Jessie put “Do Yourself a Favor” on his Shockadellica album and we sold 400,000 copies, which was good for me. Bobby Z [a bandmate of Prince from 1978 to 1986] gave a party one day, and that’s where we made up. We sat down and talked, and we were cool again.

Were you in contact with Prince in recent years?

No, the last time I seen Prince was in Las Vegas at the 3121 Club at the Rio [All-Star Hotel & Casino] in 2007. I went to one of his rehearsals and said hello to him. And it wasn’t like it was before. I could tell he had changed. I thought that maybe when he saw me that he would be happy and give me a hug or something. And it was just very plain. It was like, “Hi.” And I went, “Hey man, what’s up?” And that was it. Show business definitely had an effect on him. But nevertheless, he was one of the best. I might not have liked all the things he has done in his career. And some things might have disappointed me. But I still love him.

Did you go to the private family service after Prince was cremated?

No, I didn’t go to any of the memorials. I couldn’t do it. I just couldn’t. But I wanna do my own tribute.

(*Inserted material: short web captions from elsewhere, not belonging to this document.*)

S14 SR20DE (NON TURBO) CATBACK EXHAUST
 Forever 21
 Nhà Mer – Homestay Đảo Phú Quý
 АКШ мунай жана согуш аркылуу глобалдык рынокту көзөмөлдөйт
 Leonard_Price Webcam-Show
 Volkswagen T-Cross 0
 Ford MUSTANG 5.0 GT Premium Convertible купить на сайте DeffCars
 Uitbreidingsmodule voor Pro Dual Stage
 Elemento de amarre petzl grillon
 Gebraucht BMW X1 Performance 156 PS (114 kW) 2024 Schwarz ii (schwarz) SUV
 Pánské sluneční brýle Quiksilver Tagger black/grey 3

I know there are gonna be a lot of people in a lot of bands who want to do the same thing, but all of my members are still here. 94 East is still out there. This is the first band Prince played with in the recording studio on a professional level. So I wanna get something going, but we have to find a guitarist that could play Prince’s guitar parts [laughs]. I have the master recording that I own, so I can solo out his guitar parts for someone to learn if they can learn it. So we’ll just have to see what happens.